* [REQUIREMENT] State the number of lines in these records that include the string "Hotel", and say nothing more.

* [DATA SHOWN]
::::::::::

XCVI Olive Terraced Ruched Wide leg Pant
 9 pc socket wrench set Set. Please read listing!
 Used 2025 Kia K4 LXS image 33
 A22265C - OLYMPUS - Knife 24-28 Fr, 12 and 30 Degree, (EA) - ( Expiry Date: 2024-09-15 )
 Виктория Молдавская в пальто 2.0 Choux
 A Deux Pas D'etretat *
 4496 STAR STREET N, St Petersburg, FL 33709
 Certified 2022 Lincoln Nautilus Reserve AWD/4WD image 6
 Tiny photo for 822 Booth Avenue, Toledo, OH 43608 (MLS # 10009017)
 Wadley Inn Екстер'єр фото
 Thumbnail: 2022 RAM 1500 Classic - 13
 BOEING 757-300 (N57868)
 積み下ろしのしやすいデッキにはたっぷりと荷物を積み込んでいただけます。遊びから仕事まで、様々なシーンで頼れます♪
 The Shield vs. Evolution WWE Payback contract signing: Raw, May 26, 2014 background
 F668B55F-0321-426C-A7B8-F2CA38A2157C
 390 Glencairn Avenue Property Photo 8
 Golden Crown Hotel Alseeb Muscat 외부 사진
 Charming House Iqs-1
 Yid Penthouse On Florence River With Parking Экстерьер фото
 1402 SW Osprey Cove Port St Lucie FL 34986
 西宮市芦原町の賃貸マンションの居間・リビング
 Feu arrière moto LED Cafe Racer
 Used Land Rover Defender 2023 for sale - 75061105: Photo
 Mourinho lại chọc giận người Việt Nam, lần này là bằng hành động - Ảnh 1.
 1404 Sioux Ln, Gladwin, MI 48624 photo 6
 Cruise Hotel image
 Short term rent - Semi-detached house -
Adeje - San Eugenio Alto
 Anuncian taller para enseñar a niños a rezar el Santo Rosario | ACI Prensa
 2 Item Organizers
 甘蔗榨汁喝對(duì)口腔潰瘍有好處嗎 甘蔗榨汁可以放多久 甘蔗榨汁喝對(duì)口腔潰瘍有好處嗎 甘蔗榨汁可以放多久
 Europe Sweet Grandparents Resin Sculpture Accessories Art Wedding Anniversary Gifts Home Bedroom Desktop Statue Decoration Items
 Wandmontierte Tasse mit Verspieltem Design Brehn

::::::::::

* [WRITTEN REPLY] 2